Not to sound all Girl Scouty, but girlfriends are gold.  Seriously.

If you’re anything like me, you have a precious few go-to gals in your life.  You can text them with random shit like your bad parenting moments. Or the Code Red crisis of Trader Joe’s discontinuing your favorite wine.  Or your catty commentary about the local mom who is wearing a thong bikini to Mommy & Me Swim Class {because we all hate her, don’t we?}. Or you can sit with them over coffee, wine, or a wheel of brie the size of your head, and just gab away.  About nothing.  Or about life-changing things.  They are equally interchangeable.

If you’re anything like me, you don’t find these go-to gals often.  So when one of them moves away, it kind of blows.  For lack of a more elegant way of saying it.

So this week I’m standing right in front of a revolving door of these fabulous friendships.  I have to see one off while welcoming another one back.
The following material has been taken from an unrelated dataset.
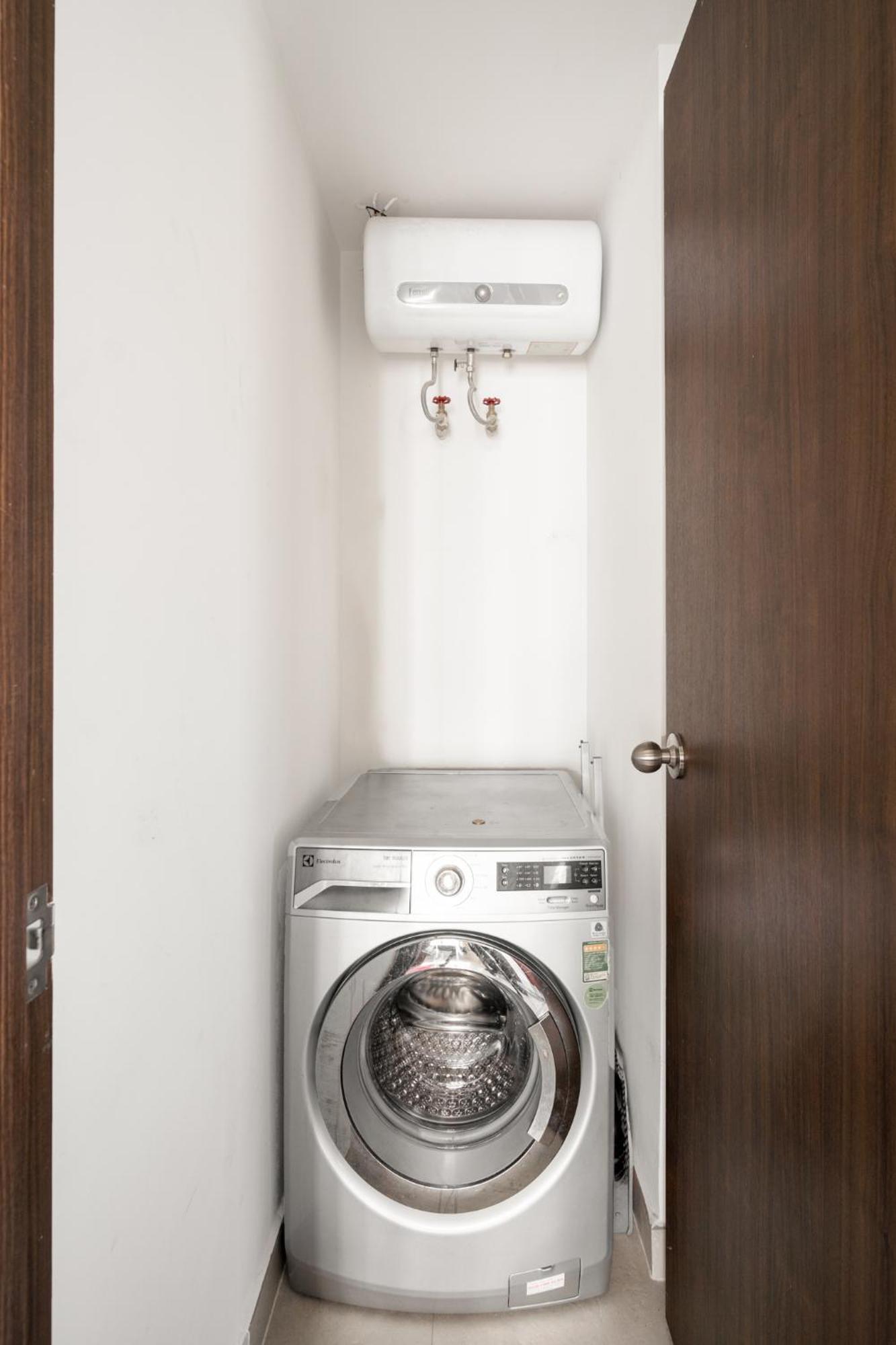 Lynh Saigon D4 Apartment Ho Chi Minh City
My good friend here in town is leaving our utopian New Jersey.  Something about her husband taking a new job and they all need to live together as a family, blah, blah, blah.  Ladies of Northern Virginia, you are lucky to have her.  If you dissuade her in any way from coming back to the fine Garden State at some point, you’ll have to answer to me.  Because I will forever be looking at potential new homes for her around here that could connect to my house via underground wine cellar/tunnel. Although this may mean a modification to my renovated basement.  In the meantime, I have to convince her to go to her favorite local bar one last time.  I’m concerned that they can’t survive the revenue hit of her absence without some advance contingency planning.  And that would be bad for others who are left behind.  Like me.

As I send her off, I’m awaiting a flight from Tokyo to land.  Finally.  After five years, I get another dear friend back on US soil for good.  This fabulous friend — one I met at work back in 1998 and navigated the crazy Single in Manhattan Years with — was another casualty of the Husband Job Transfer.  She picked up and left our beloved Manhattan in 2007 — promising to be back in about three years.  She and her husband had their daughter in Japan, with no family around.  They dealt with the devastation and insanity of last year’s earthquake.  They came to visit now and then, but the question always rang out of my demanding mouth — When are you moving back?!!  {Or maybe it was more like, Enough of this shit already — just move back!}  So what if they are two years late?  They’re back!  And moving to New Jersey, no less. It must be the hard sell I gave them.  Or the location of her husband’s job.  Either one.

This revolving door is a little dizzying.  But I guess it’s a little bit of kismet — the happiness of welcoming one back will distract me from how sad I am to see the other one go.

If you’re anything like me, you are starting to think that all husbands should just work via Skype and not have to relocate their families anymore.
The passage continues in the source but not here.